И внезапно Семен, который, извините, Федор, Федор Михайлович, ясно себе представляет, что там, в ящике, у него спрятан пистолет. Огромный вороненый полнозаряженный пистолет. Федор Михайлович видал подобные в фильмах. И вот следователь стремительно выхватывает его, в офицерской выправке выпрямляет жесткую спину и с несколько искаженным от стремительности лицом стреляет прямо в голову Семена Михайловича. Федора Михайловича. Пуля мгновенно проходит непрочную академическую голову, страшной инерцией мощного взрыва унося с собой наружу мелкие частицы и капельки скользкого серого мозгового вещества и маленькие остренькие осколочки черепной кости. Все это невидимым Федору Михайловичу оплывающим пятном прилепляется к дальней стенке гулкого кабинета и медленными тяжелыми потоками стекает вниз. Последнее, что он замечает – надвигающуюся, наплывающую на него, вырастающую в огромную, почти уже неантропоморфно-инфернальную тень на фоне дневного сияющего окна. Фигура некоего гротескно-утрированного гигантского существа с разбросанными в сторону непомерными пупырчатыми щупальцами, которое меркнущее сознание Федора Михайловича обзывает про себя КеГеБезавр.

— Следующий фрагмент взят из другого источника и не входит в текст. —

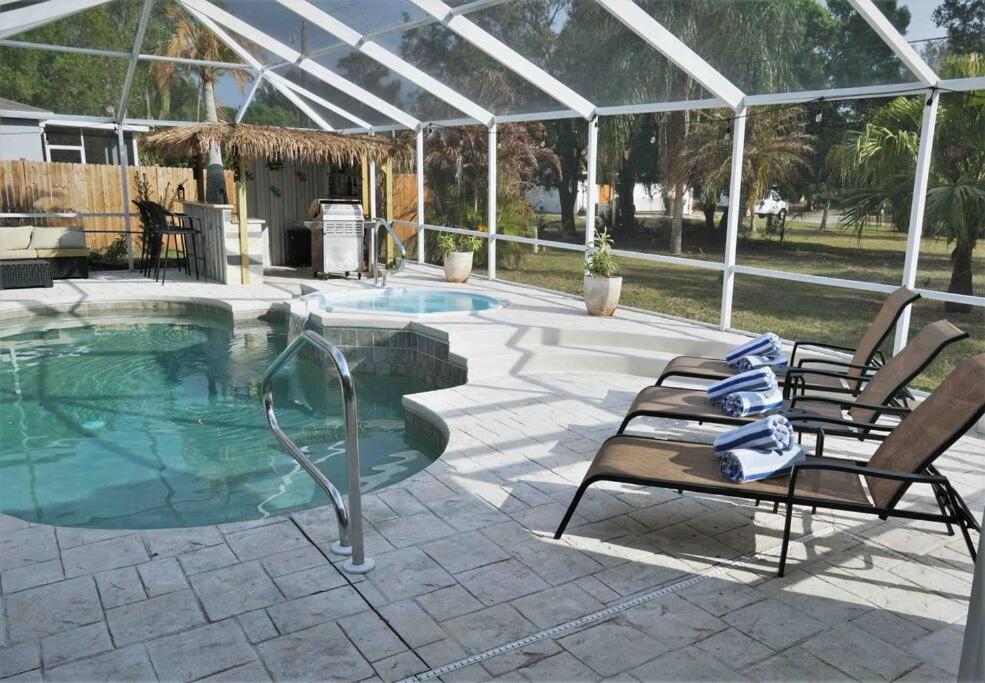 a swimming pool with two chairs and a patioitures at Peachland getaway with heated pool and tiki bar in Port Charlotte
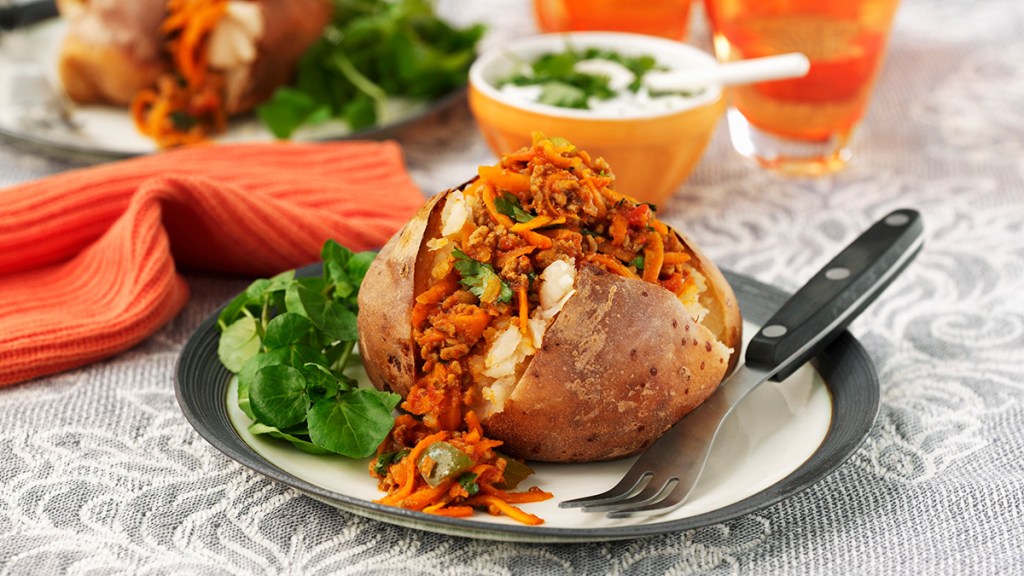 Chili stuffed baked potato as part of a guide on how to reheat a baked potato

– Федор Михайлович? – выводит его из ступора мягкий голос следователя. – Это ведь ребячество, – снова потирает левый, видимо регулярно болезненный, висок. Лицо опять стремительно перебегает мгновенная уродующая его гримаса.
Федор Михайлович выпрямляется и ясно понимает разницу между собой, слабым, уклоняющимся, изворачивающимся, наивно ищущим обтекаемые ответы, и этим, прямым и откровенным человеком, с пистолетом в руке. То есть даже и не человеком, а антропоморфной функцией бездушного механизма – так определяет Федор Михайлович своего официального оппонента. Чувствует облегчение и отвечает:
– Нет, не припомню. – Потом эдак вальяжно и непринужденно, даже снисходительно и по-дружески: – Понимаете ли, память человеческая, даже ученого, столь избирательна. К тому же, по данным науки, – и вовсе по-хлестаковски уже завирается Федор Михайлович, – мозг человека задействован всего процентов на пять-семь, – и замолкает. Сам не понимая, к чему это.